▶ [Source data]:

★ ★ ★

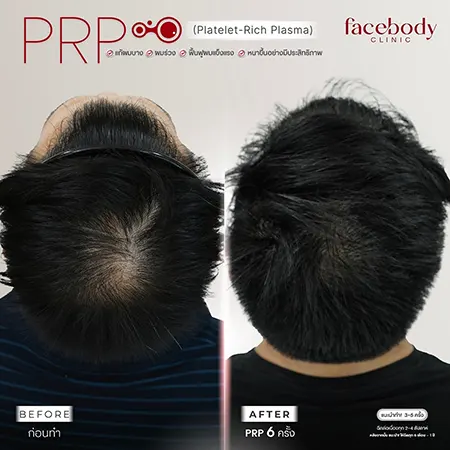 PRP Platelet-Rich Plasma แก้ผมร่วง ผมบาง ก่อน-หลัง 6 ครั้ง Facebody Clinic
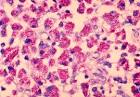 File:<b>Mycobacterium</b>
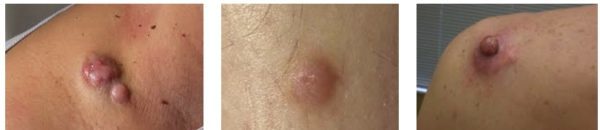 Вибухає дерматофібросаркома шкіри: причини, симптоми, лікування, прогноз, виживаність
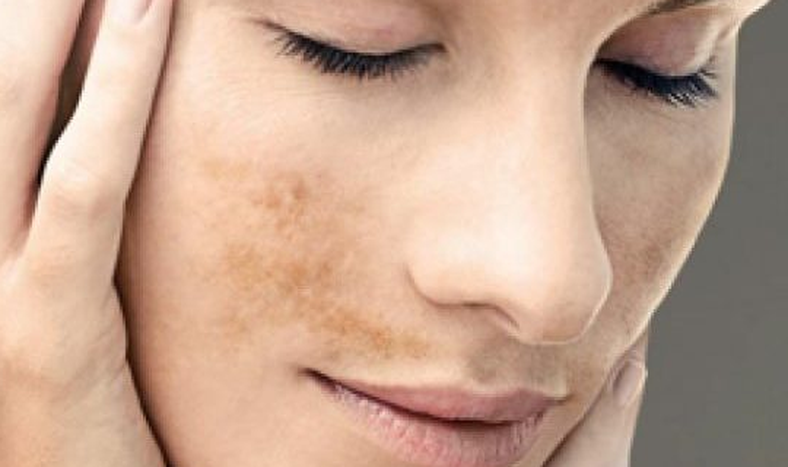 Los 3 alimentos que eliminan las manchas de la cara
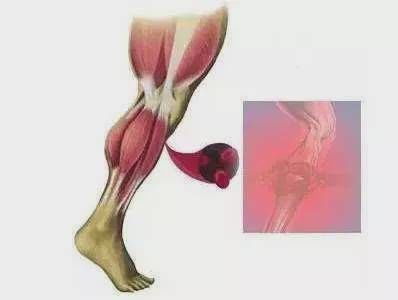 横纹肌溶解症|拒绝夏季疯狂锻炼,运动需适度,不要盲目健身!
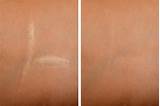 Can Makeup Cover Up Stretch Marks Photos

★ ★ ★

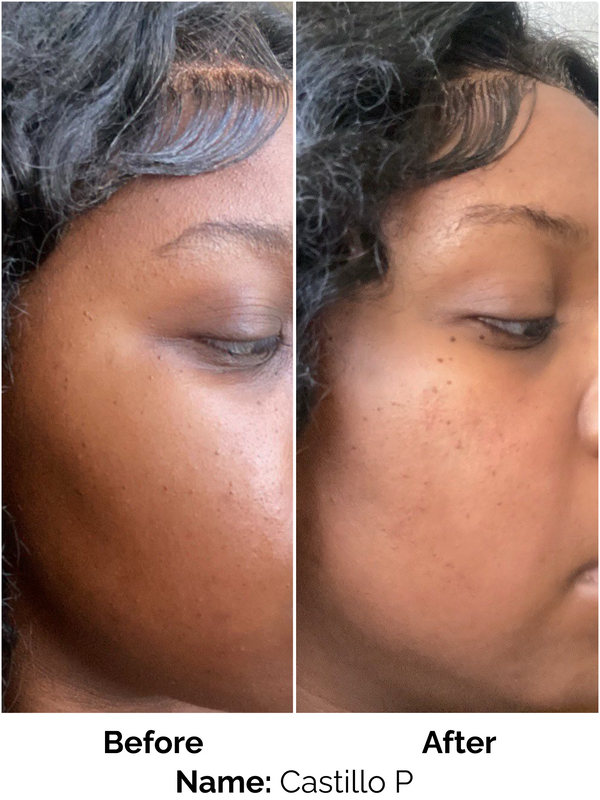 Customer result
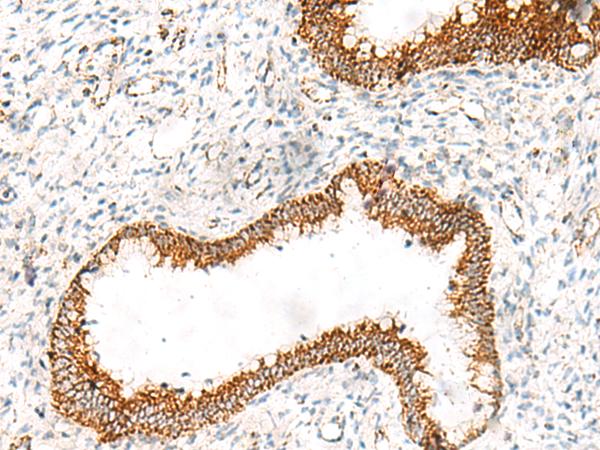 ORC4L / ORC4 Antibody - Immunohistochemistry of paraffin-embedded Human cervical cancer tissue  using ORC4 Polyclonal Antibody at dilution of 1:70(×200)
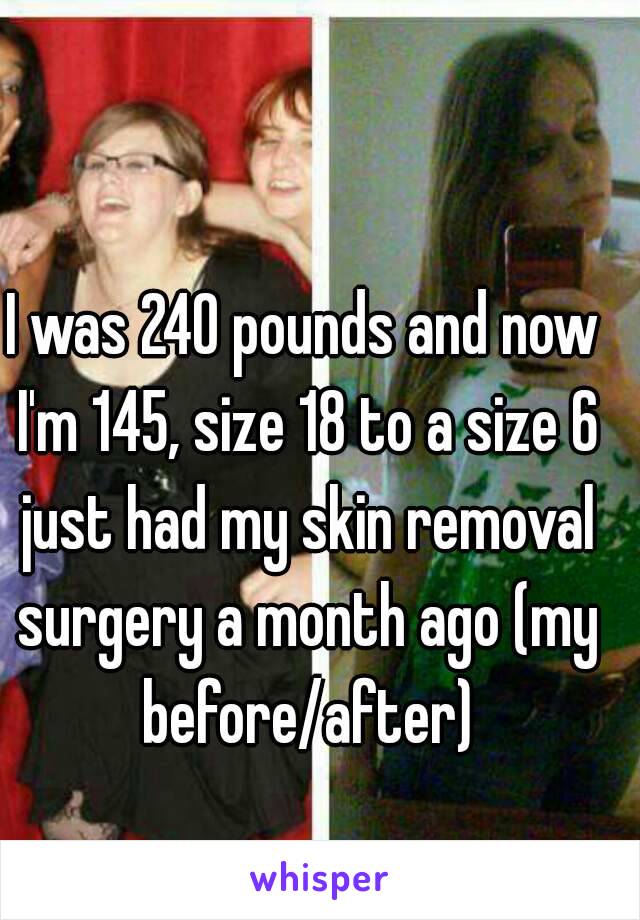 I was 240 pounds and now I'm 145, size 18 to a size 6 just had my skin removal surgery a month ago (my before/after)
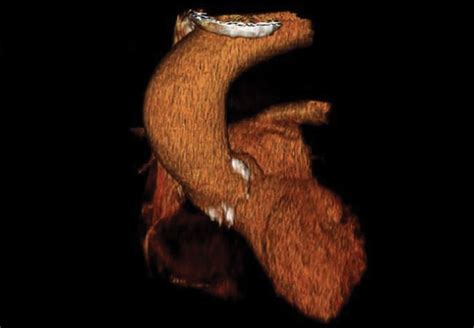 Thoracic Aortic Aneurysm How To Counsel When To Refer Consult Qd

★ ★ ★

▶ [What to do]:
In the data above, the stretch from the line with "ORC4L / ORC4" through the line with "Thoracic Aortic Aneurysm" is to be returned exactly, minus any pictures.

▶ [Response box]:
 ORC4L / ORC4 Antibody - Immunohistochemistry of paraffin-embedded Human cervical cancer tissue  using ORC4 Polyclonal Antibody at dilution of 1:70(×200)
 I was 240 pounds and now I'm 145, size 18 to a size 6 just had my skin removal surgery a month ago (my before/after)
 Thoracic Aortic Aneurysm How To Counsel When To Refer Consult Qd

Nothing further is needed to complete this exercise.